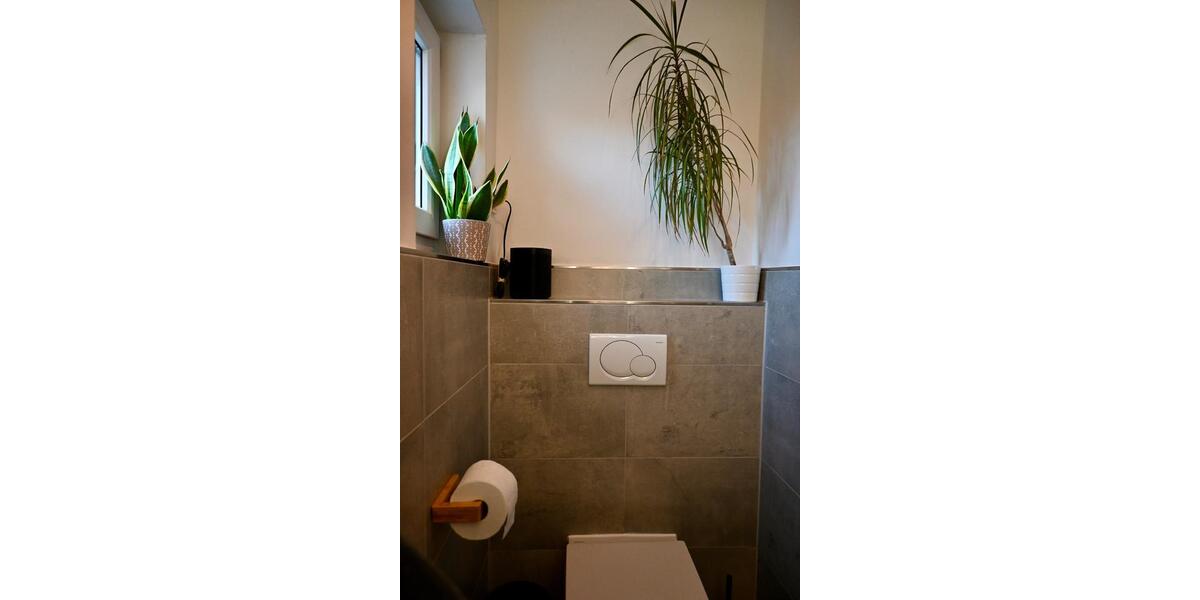 Einfamilienhaus mit Doppelgarage & PV-Anlage - provisionsfrei 3.5 zimmer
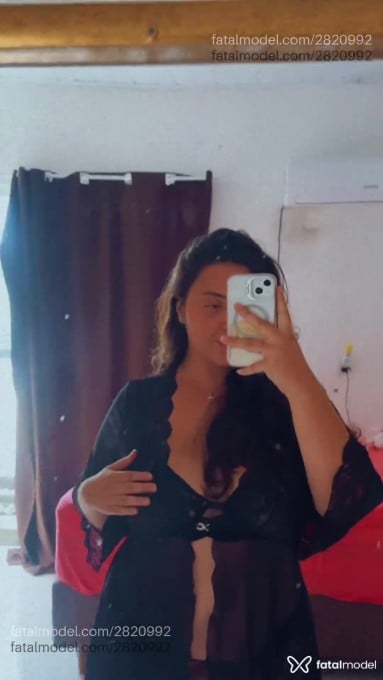 Acompanhante mulher com cabelo castanho de olhos castanhos em Criciúma - Vitória
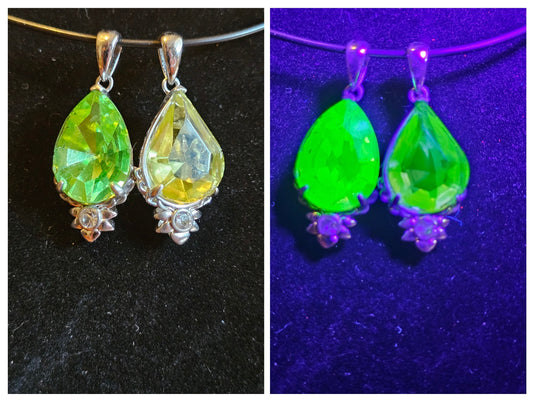 Pendentif en verre d'uranium en argent sterling neuf avec une grande pierre de verre d'uranium vintage taille poire de 18 x 13 mm qui brille sous la lumière noire / UV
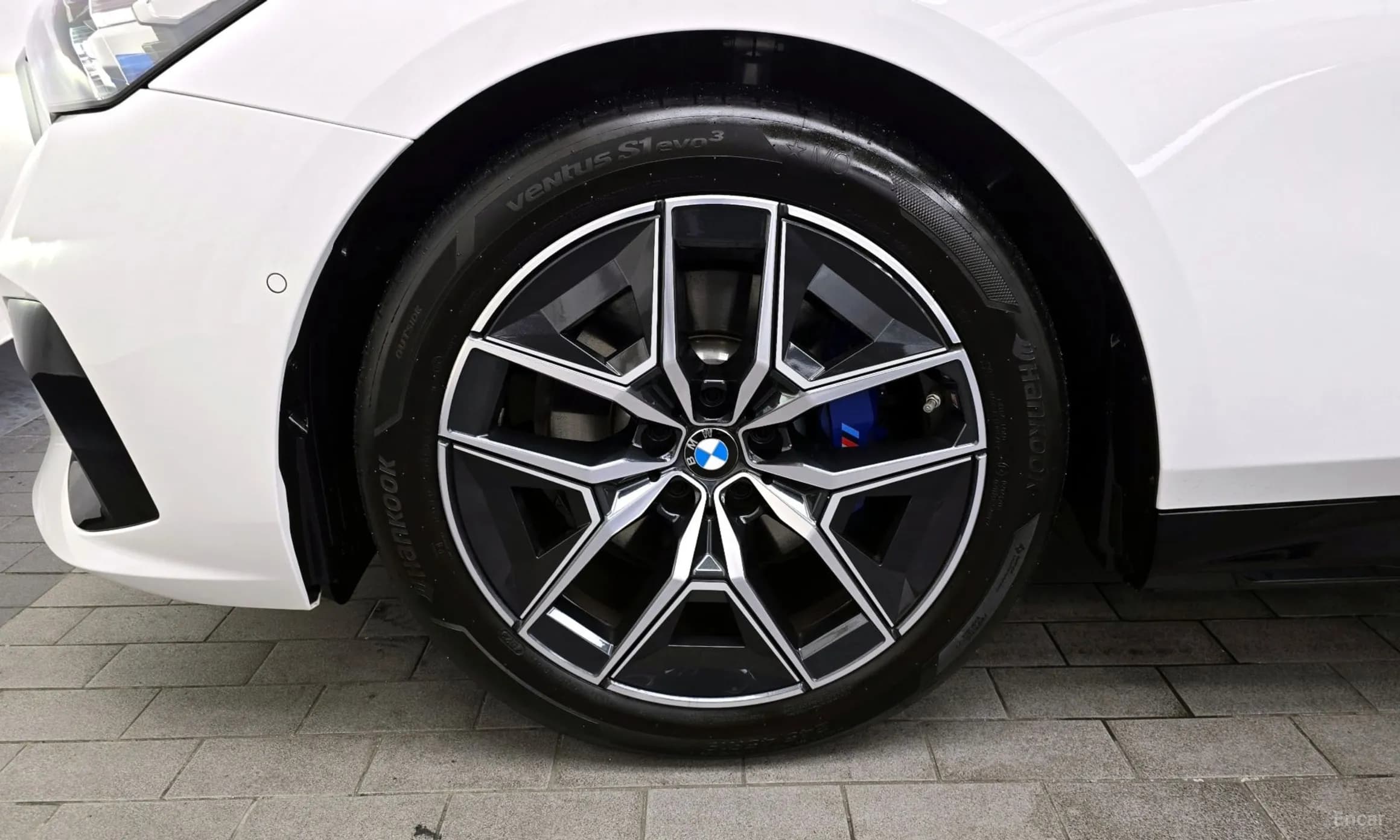 5 Series (G60)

----

▶ TASK GOAL
Return every line above verbatim, pictures excluded.

▶ ANSWER TO THIS TASK
 Einfamilienhaus mit Doppelgarage & PV-Anlage - provisionsfrei 3.5 zimmer
 Acompanhante mulher com cabelo castanho de olhos castanhos em Criciúma - Vitória
 Pendentif en verre d'uranium en argent sterling neuf avec une grande pierre de verre d'uranium vintage taille poire de 18 x 13 mm qui brille sous la lumière noire / UV
 5 Series (G60)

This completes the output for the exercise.